Rojas’s company, Evoloh, is attempting to solve all of those at once by focusing not on novel materials, as is often the case with hydrogen startups, but on manufacturing. In the process, he hopes to make hydrogen a key part of the world’s energy system.

“Clean, cheap hydrogen could be a platform on which completely new industries can be developed in the future,” Rojas said.

Many companies spend a lot of time creating a specialized membrane, one of the key components that allows hydrogen to be separated from water. But if hydrogen becomes a sufficiently large market, Rojas suspects that electrolyzers will quickly be commoditized. Even today, membrane development has become a bit of an arms race: “Someone will always have a better one,” he said.

Evoloh does make electrolyzers of its own design based on alkaline electrolysis. In an alkaline electrolyzer, two electrodes are submerged in a solution of alkaline water (usually consisting of a high concentration of potassium or sodium hydroxide). As electricity flows through the alkaline water, it splits water on one side into hydrogen gas and hydroxide and merges hydroxides on the other into water and oxygen.

Alkaline electrolysis differs from the other main approach, proton-exchange membrane electrolysis, in a few ways. One of the most important, though, is that alkaline electrolysis doesn’t require expensive exotic metals like platinum. That gives alkaline electrolyzers a cost advantage from the start, one that Evoloh says it builds on with its lower-cost manufacturing.

Evoloh also designed its electrolyzer stack, the core of the system, around inexpensive, domestically sourced materials and components. “We went to the power supply companies, and we asked them for the cheapest, most readily available power supply that you have. We did it with every other component, the pumps, the heat exchangers, every single thing,” Rojas said.
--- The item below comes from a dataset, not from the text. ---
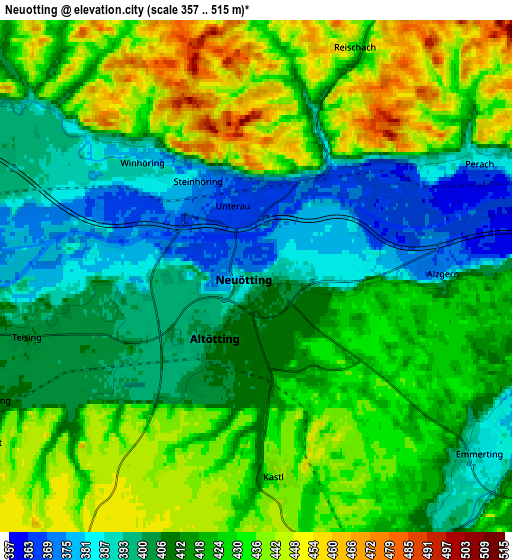 Zoom OUT 2x Neuötting, Germany elevation map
To further trim manufacturing costs, Evoloh uses roll-to-roll printing, a technique pioneered centuries ago by printing presses and more recently used in battery manufacturing. Both electrodes and membranes, the two main components of an electrolyzer, can be made using roll-to-roll equipment. As they come off the line, they’re cut to size and assembled into the final product.

The result is a compact and efficient electrolyzer that will be easy to transport and install, he said. The goal, Rojas said, is to “be prepared for this scenario in which [electrolyzer] stacks can become a hardware commodity.”
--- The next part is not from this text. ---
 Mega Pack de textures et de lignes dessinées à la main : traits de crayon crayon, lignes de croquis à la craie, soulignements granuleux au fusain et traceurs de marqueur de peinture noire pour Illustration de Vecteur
Evoloh is still working out the kinks in its manufacturing process, though Rojas expects that the company’s first factory will be up and running by the end of next year. When it’s at full capacity, it’ll be able to produce 3.75 gigawatts of electrolyzers using domestic materials, he said. That’s a significant amount, given that the world had just 11 gigawatts of manufacturing capacity in 2022, according to the IEA.

Evoloh recently raised an oversubscribed $20 million Series A led by Engine Ventures with participation by 3M Ventures and NextEra Energy. Rojas said the company will use the funding to refine its manufacturing process, deploy some large-scale pilots and sign paying customers.

The company is positioning itself as something akin to TSMC, the contract semiconductor manufacturer that makes chips for tech companies around the world. It’s a model that has worked out extraordinarily well for TSMC, though the company’s success is due in part because the global semiconductor market is so large. Evoloh’s success is similarly dependent on just how large the market for hydrogen becomes. If it remains relatively small, the startup could find some limited success. But if hydrogen becomes a cornerstone of several industries, then Evoloh’s bet on manufacturing will pay off handsomely.